Ninth: The said Lessee hereby pledges and assigns to the Lessor all
the furniture, fixtures, goods, and chattels of said Lessee, which shall or may
be brought or put on said Premises as security for the payment of the rent
herein reserved, and the Lessee agrees that the said lien may be enforced by
distress foreclosure or otherwise at the election of the said Lessor, and does
hereby agree to pay attorney's fees of ten percent of the amount so collected
or found to be due, together with all costs and charges therefore incurred or
paid by Lessor.
Tenth: (Intentionally Deleted)
Eleventh: The Lessor, or any of its agents, shall have the right to
enter said Premises during all reasonable hours, to examine the same to make
such repairs, additions or alterations as may be deemed necessary for the
safety, comfort, or preservation thereof, or of said building, or to exhibit
said Premises, and to put or keep upon the doors or windows thereof a notice
"For Rent" at the time within thirty (30) days before the expiration of this
Lease. The right of entry shall likewise exist for the purpose of removing
placards, signs, fixtures, alterations, or additions, which do not conform to
this Lease, or to the rules and regulations of the building.
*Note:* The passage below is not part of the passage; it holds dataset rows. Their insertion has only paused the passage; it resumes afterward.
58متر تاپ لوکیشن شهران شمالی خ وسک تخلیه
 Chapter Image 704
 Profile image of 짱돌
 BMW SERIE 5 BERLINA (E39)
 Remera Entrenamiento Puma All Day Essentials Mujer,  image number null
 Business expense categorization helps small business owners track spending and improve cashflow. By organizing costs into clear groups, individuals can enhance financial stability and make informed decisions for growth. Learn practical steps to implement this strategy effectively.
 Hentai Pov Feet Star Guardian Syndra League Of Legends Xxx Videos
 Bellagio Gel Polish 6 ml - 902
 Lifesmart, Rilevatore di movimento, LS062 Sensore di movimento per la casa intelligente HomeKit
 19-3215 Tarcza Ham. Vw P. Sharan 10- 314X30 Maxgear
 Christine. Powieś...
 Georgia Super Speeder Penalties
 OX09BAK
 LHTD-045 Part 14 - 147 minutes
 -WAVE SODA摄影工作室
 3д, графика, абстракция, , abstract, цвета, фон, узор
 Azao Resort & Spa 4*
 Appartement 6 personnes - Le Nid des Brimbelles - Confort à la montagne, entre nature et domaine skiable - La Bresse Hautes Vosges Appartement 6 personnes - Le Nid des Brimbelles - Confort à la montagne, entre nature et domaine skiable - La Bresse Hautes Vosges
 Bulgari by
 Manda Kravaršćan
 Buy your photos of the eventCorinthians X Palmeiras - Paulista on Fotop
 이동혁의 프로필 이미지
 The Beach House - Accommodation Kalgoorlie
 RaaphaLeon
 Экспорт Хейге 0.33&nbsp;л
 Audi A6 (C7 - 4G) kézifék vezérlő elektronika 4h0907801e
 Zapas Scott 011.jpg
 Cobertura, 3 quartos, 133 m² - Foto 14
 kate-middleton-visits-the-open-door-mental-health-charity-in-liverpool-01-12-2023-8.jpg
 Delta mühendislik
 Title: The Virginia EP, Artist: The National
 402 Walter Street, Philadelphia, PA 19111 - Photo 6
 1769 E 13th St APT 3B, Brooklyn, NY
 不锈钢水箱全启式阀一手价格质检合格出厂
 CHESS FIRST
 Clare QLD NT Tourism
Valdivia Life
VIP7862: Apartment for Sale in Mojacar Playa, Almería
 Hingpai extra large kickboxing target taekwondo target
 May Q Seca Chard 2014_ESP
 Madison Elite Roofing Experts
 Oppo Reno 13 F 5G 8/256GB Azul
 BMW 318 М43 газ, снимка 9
Twelfth: Lessee hereby accepts the Premises in the condition they are
in at the beginning of this Lease and agrees to maintain said Premises in the
same condition, order and repair as they are at the commencement of said term,
excepting only reasonable wear and tear arising from the use thereof under this
Lease, and to make good to said Lessor immediately upon demand, any damage to
water apparatus, or electric lights, or any fixtures, appliances or
appurtenances of said Premises, or of the building, caused by any act or
neglect of Lessee, or of any person or persons in the employ or under the
control of the Lessee.
Thirteenth: (a) It is expressly agreed and understood by and
between the parties to this Lease, that the Lessor shall not be liable for any
damage or injury by water, which may be sustained by the said tenant or other
person or for any other damage or injury resulting from the carelessness,
negligence, or improper conduct on the part of any other tenant or agents, or
employees, or by reason of the breakage, leakage, or obstruction of the water,
sewer or soil pipes, or other leakage in or about the said building.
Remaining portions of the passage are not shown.